__WHAT YOU WILL DO__.
An exact copy of the data below is required; return it in full.

__MATERIAL SUPPLIED__.
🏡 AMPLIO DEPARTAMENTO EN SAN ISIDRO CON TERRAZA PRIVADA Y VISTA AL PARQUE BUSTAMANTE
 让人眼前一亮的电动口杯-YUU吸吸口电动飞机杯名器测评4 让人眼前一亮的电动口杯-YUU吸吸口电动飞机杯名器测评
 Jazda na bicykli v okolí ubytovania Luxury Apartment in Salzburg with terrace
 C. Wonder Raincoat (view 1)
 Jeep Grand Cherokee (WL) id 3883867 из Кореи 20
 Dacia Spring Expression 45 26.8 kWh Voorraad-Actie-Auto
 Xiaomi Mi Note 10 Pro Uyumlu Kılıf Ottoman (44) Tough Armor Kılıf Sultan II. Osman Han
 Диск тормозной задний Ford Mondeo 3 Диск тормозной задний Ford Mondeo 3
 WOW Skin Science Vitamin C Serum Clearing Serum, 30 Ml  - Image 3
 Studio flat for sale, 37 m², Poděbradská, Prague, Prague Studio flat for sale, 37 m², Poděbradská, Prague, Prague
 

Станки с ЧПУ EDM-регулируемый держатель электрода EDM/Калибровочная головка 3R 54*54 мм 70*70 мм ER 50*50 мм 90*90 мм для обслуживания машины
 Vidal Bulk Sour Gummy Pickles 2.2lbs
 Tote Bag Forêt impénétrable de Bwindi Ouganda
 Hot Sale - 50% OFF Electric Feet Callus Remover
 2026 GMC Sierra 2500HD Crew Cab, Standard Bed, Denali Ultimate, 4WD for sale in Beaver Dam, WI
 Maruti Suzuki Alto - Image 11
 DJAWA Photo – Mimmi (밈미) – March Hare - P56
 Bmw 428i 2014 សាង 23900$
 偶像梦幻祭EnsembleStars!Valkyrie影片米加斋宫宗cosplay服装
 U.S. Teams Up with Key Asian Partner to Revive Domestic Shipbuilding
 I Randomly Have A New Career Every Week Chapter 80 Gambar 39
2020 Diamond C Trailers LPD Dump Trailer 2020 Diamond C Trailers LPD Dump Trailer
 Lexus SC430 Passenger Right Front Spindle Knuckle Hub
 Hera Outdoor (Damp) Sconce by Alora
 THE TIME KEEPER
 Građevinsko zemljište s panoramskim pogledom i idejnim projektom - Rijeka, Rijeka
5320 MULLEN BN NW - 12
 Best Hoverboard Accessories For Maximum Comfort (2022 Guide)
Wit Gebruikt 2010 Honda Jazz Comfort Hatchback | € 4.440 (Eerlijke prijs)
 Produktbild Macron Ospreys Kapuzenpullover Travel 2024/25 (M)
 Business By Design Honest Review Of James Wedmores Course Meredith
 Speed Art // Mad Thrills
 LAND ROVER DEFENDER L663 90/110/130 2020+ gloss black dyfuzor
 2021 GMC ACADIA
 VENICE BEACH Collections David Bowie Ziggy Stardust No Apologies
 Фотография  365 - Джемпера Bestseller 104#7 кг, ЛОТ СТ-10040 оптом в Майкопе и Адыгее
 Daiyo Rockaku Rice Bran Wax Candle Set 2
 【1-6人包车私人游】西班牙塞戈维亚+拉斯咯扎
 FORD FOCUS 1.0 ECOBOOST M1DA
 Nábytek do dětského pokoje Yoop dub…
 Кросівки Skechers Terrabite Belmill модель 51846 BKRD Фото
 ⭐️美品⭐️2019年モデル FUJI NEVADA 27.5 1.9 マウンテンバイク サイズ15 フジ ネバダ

__RESULT FOR THIS EXERCISE__.
🏡 AMPLIO DEPARTAMENTO EN SAN ISIDRO CON TERRAZA PRIVADA Y VISTA AL PARQUE BUSTAMANTE
 让人眼前一亮的电动口杯-YUU吸吸口电动飞机杯名器测评4 让人眼前一亮的电动口杯-YUU吸吸口电动飞机杯名器测评
 Jazda na bicykli v okolí ubytovania Luxury Apartment in Salzburg with terrace
 C. Wonder Raincoat (view 1)
 Jeep Grand Cherokee (WL) id 3883867 из Кореи 20
 Dacia Spring Expression 45 26.8 kWh Voorraad-Actie-Auto
 Xiaomi Mi Note 10 Pro Uyumlu Kılıf Ottoman (44) Tough Armor Kılıf Sultan II. Osman Han
 Диск тормозной задний Ford Mondeo 3 Диск тормозной задний Ford Mondeo 3
 WOW Skin Science Vitamin C Serum Clearing Serum, 30 Ml  - Image 3
 Studio flat for sale, 37 m², Poděbradská, Prague, Prague Studio flat for sale, 37 m², Poděbradská, Prague, Prague
 

Станки с ЧПУ EDM-регулируемый держатель электрода EDM/Калибровочная головка 3R 54*54 мм 70*70 мм ER 50*50 мм 90*90 мм для обслуживания машины
 Vidal Bulk Sour Gummy Pickles 2.2lbs
 Tote Bag Forêt impénétrable de Bwindi Ouganda
 Hot Sale - 50% OFF Electric Feet Callus Remover
 2026 GMC Sierra 2500HD Crew Cab, Standard Bed, Denali Ultimate, 4WD for sale in Beaver Dam, WI
 Maruti Suzuki Alto - Image 11
 DJAWA Photo – Mimmi (밈미) – March Hare - P56
 Bmw 428i 2014 សាង 23900$
 偶像梦幻祭EnsembleStars!Valkyrie影片米加斋宫宗cosplay服装
 U.S. Teams Up with Key Asian Partner to Revive Domestic Shipbuilding
 I Randomly Have A New Career Every Week Chapter 80 Gambar 39
2020 Diamond C Trailers LPD Dump Trailer 2020 Diamond C Trailers LPD Dump Trailer
 Lexus SC430 Passenger Right Front Spindle Knuckle Hub
 Hera Outdoor (Damp) Sconce by Alora
 THE TIME KEEPER
 Građevinsko zemljište s panoramskim pogledom i idejnim projektom - Rijeka, Rijeka
5320 MULLEN BN NW - 12
 Best Hoverboard Accessories For Maximum Comfort (2022 Guide)
Wit Gebruikt 2010 Honda Jazz Comfort Hatchback | € 4.440 (Eerlijke prijs)
 Produktbild Macron Ospreys Kapuzenpullover Travel 2024/25 (M)
 Business By Design Honest Review Of James Wedmores Course Meredith
 Speed Art // Mad Thrills
 LAND ROVER DEFENDER L663 90/110/130 2020+ gloss black dyfuzor
 2021 GMC ACADIA
 VENICE BEACH Collections David Bowie Ziggy Stardust No Apologies
 Фотография  365 - Джемпера Bestseller 104#7 кг, ЛОТ СТ-10040 оптом в Майкопе и Адыгее
 Daiyo Rockaku Rice Bran Wax Candle Set 2
 【1-6人包车私人游】西班牙塞戈维亚+拉斯咯扎
 FORD FOCUS 1.0 ECOBOOST M1DA
 Nábytek do dětského pokoje Yoop dub…
 Кросівки Skechers Terrabite Belmill модель 51846 BKRD Фото
 ⭐️美品⭐️2019年モデル FUJI NEVADA 27.5 1.9 マウンテンバイク サイズ15 フジ ネバダ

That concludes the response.